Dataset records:
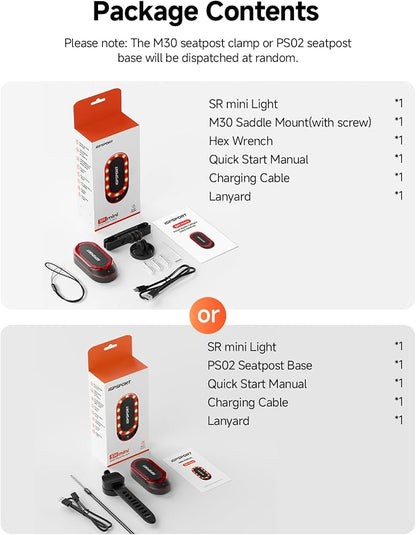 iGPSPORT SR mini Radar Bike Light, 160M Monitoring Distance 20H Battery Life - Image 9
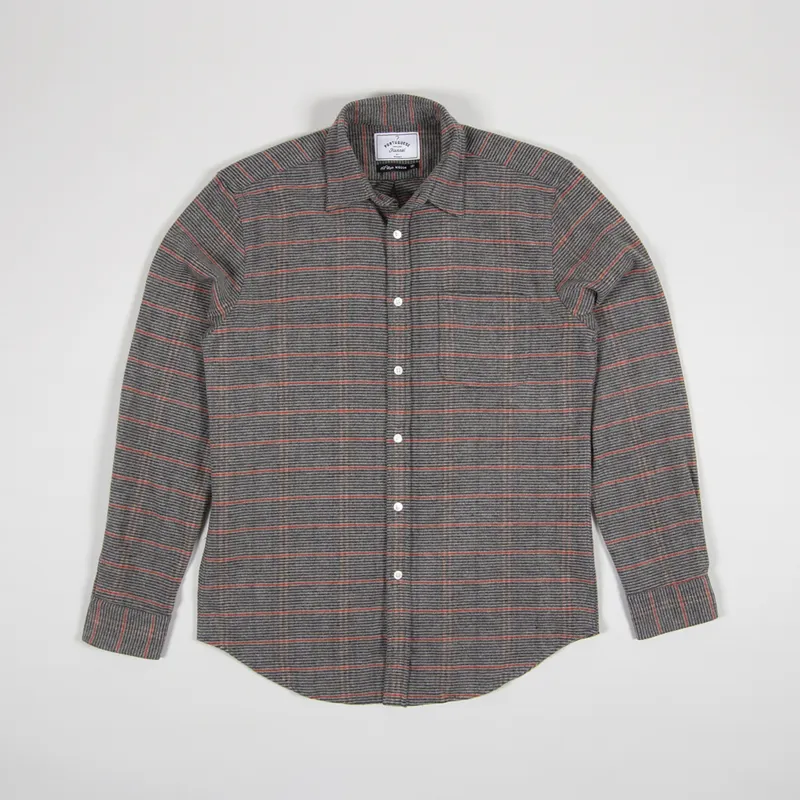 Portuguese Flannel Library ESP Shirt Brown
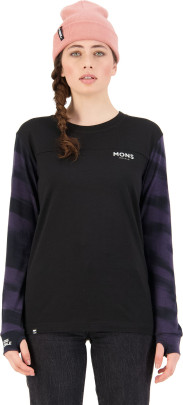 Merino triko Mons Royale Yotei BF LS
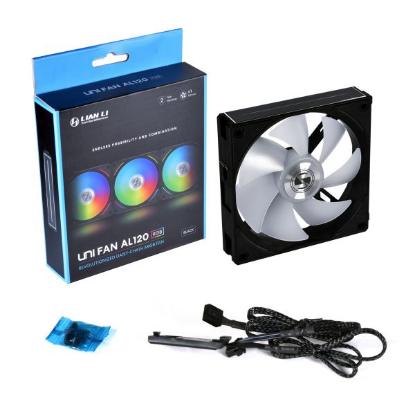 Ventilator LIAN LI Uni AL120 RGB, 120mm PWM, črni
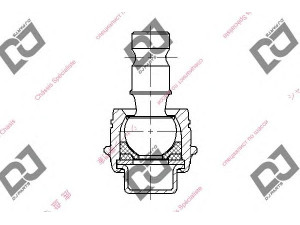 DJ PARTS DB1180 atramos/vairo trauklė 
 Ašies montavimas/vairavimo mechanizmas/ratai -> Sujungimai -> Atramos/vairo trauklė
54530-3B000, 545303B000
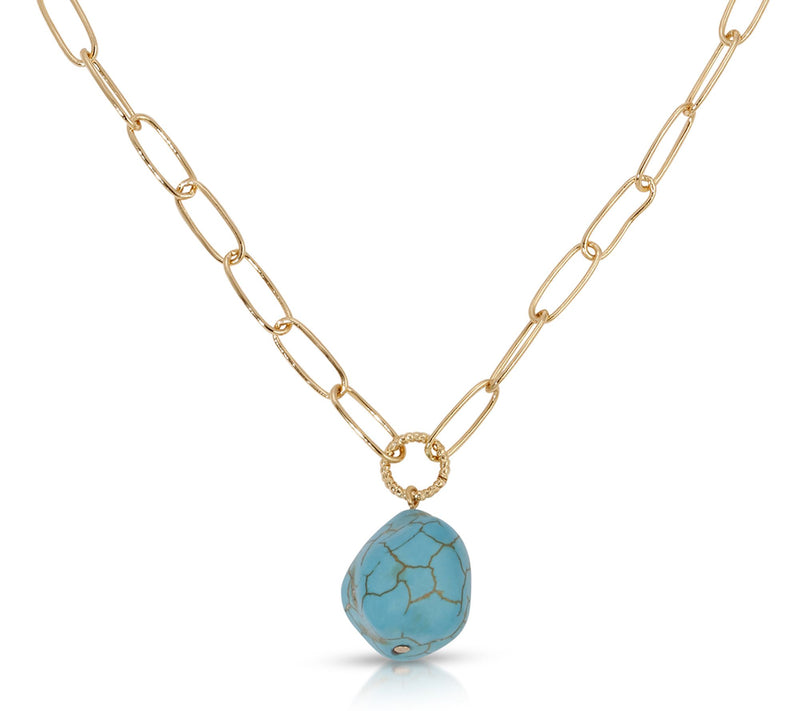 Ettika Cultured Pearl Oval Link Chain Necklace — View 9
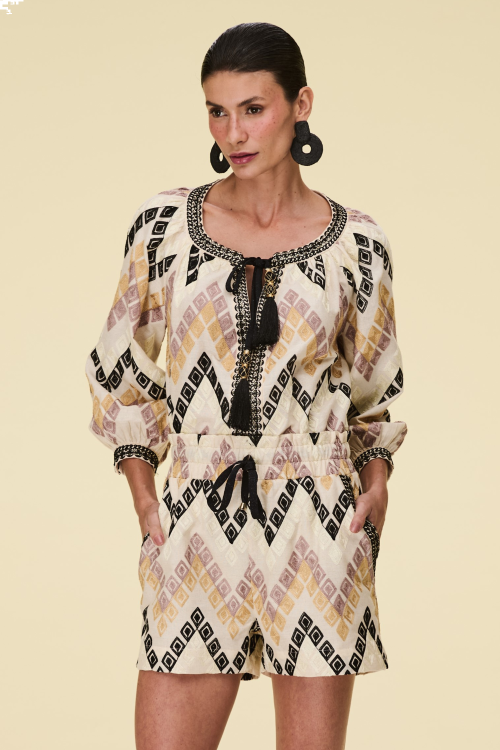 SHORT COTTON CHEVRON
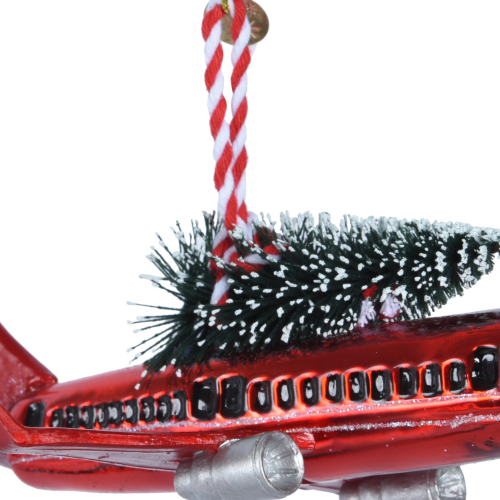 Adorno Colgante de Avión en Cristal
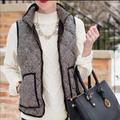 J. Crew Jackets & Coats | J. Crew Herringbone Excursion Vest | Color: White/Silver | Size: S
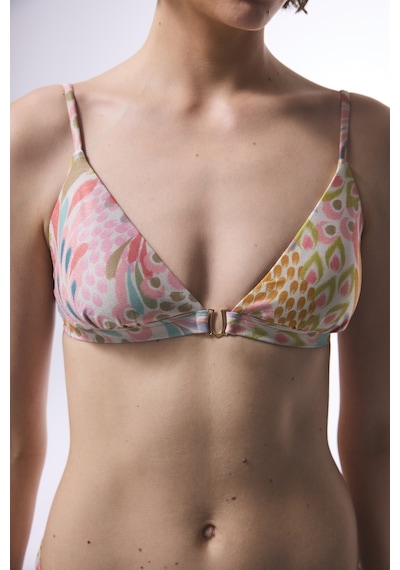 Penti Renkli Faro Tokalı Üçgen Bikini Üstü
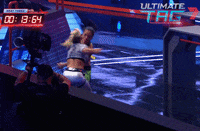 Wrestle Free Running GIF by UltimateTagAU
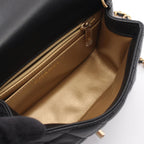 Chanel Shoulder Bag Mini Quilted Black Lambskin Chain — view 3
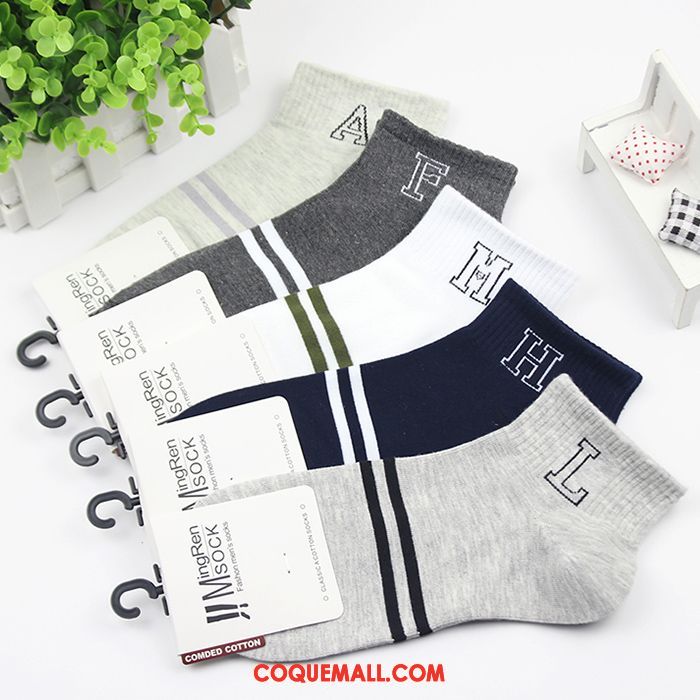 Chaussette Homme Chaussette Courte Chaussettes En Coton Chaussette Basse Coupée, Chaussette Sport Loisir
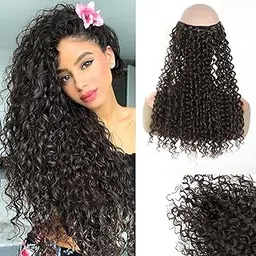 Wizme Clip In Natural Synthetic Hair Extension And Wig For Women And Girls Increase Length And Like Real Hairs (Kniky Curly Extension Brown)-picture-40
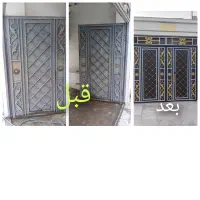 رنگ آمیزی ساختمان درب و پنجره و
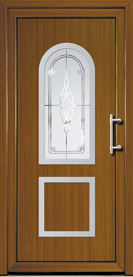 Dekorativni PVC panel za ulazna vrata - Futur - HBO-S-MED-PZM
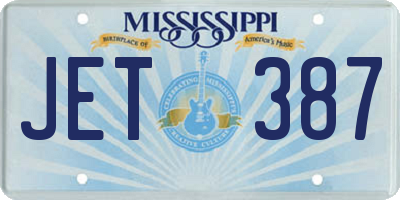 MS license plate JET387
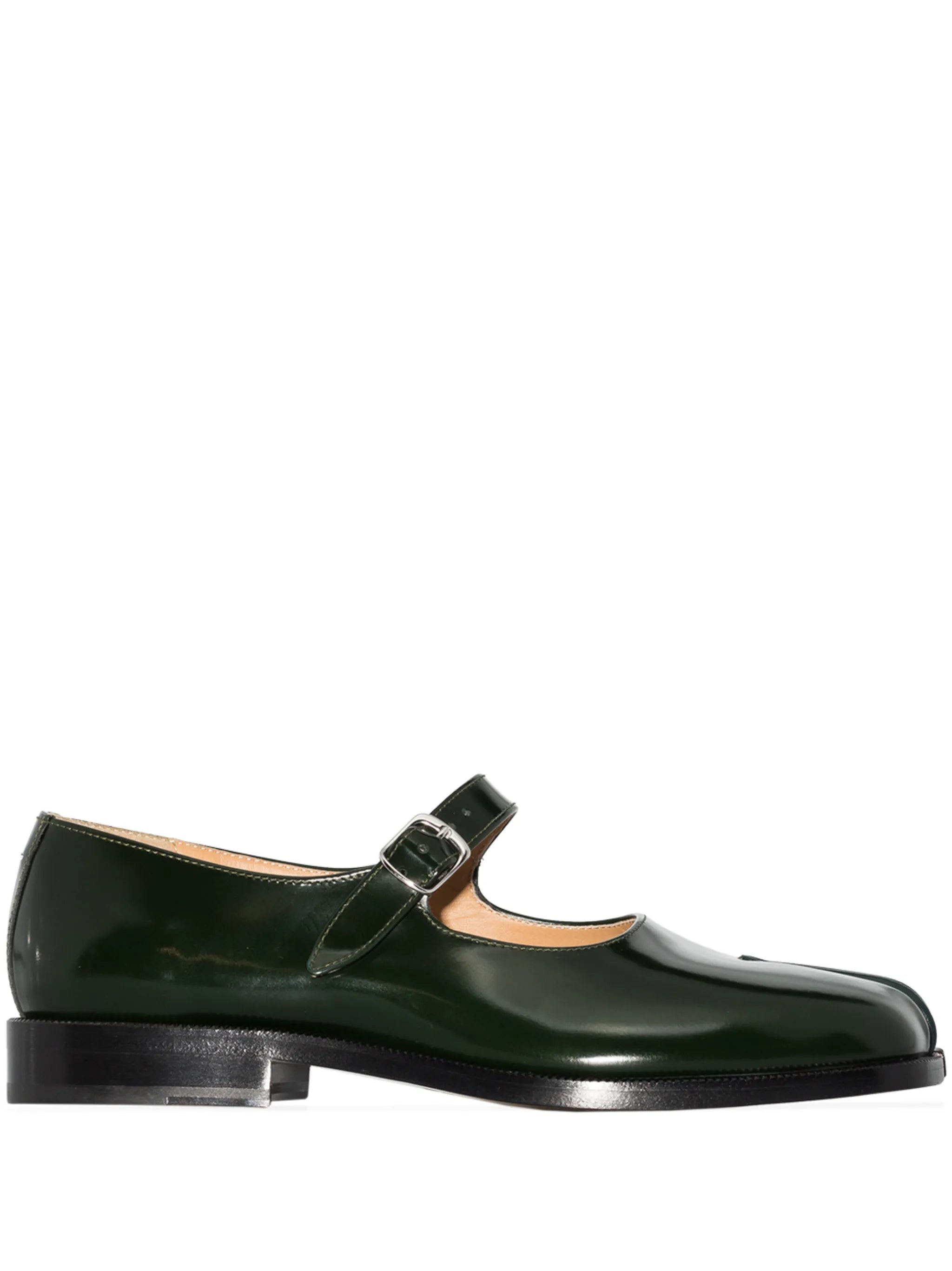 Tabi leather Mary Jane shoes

▶ AIM OF THE TASK:
Starting where a line contains "Wrestle Free Running GIF by UltimateTagAU" and finishing at the last line above, set down every line exactly as it reads, with no pictures.

▶ SOLUTION TO THE PROBLEM:
 Wrestle Free Running GIF by UltimateTagAU
 Chanel Shoulder Bag Mini Quilted Black Lambskin Chain — view 3
 Chaussette Homme Chaussette Courte Chaussettes En Coton Chaussette Basse Coupée, Chaussette Sport Loisir
 Wizme Clip In Natural Synthetic Hair Extension And Wig For Women And Girls Increase Length And Like Real Hairs (Kniky Curly Extension Brown)-picture-40
 رنگ آمیزی ساختمان درب و پنجره و
 Dekorativni PVC panel za ulazna vrata - Futur - HBO-S-MED-PZM
 MS license plate JET387
 Tabi leather Mary Jane shoes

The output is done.